Robotic process automation (RPA) continues to gain traction in many industries as a way to perform multiple digital tasks in an automated, less costly way. Oil and gas companies are among those embracing the technology.
With RPA, a software "robot" replicates actions such as entering data into an enterprise software platform. Once the software has been trained to grasp certain processes, it can automatically manipulate data, communicate with other systems, and process transactions as needed.
RPA "has the potential to make a significant impact in the oil and gas industry," said Tony Mataya, director of the Energy Practice at technology consulting firm Information Services Group (ISG).

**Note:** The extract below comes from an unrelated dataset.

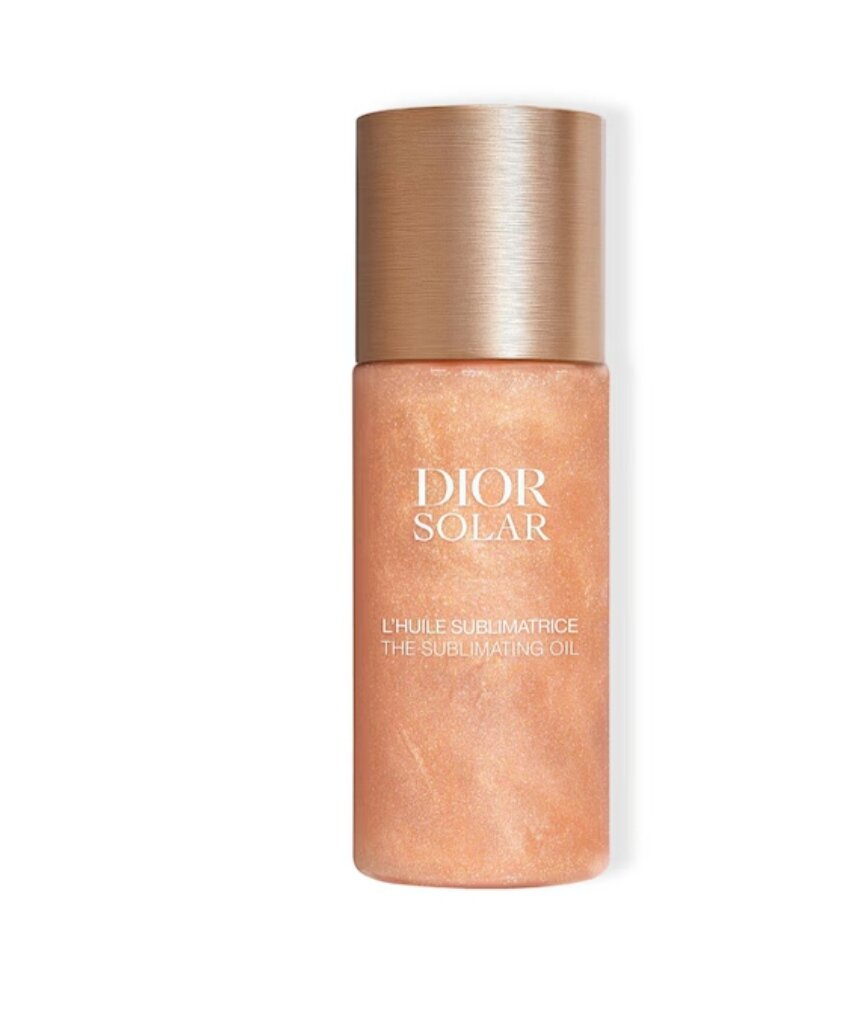 Сухое масло DIOR Solar The Sublimating Oil 125 мл | 100% ОРИГИНАЛ | Для лица тела волос | Сияние и уход | С шиммером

Many organizations in the industry are implementing RPA, from small, proof-of-concept projects to large-scale initiatives, Mataya said. "RPA automates repetitive tasks and manual integration of disparate data sets, improving efficiency, reducing or virtually eliminating error, and reducing cycle times," he said.
Cognitive computing takes over from RPA when the processes are not as repetitive and there is intuition and thinking required, and a large amount of sometimes seemingly unrelated factors are considered.
"For example, when using cognitive systems in making decisions on drilling, engineers are able to identify patterns, read drilling data and sensor information, compare that data to previous experience with similar formations, and make significantly better decisions concerning a larger number of wells--with significantly fewer people," Mataya said.
Very seldom are all of the factors the same in such decisions, "so RPA would not address all the potential combinations that need to be considered," Mataya said.
In a recent post, Peggy Krendl, global finance management consulting lead for Accenture's Resources operating group, noted five points companies need to consider before automating oil and gas processes.
One is to determine if there is a compelling business case for deploying RPA. For example, Krendl noted, a company might want to reduce an accountant's tedious workload with a bot, but it needs to think about the total costs of the technology, including software licensing fees and updates that will need to be programmed in as system changes occur, as well as organizational issues that need resolution.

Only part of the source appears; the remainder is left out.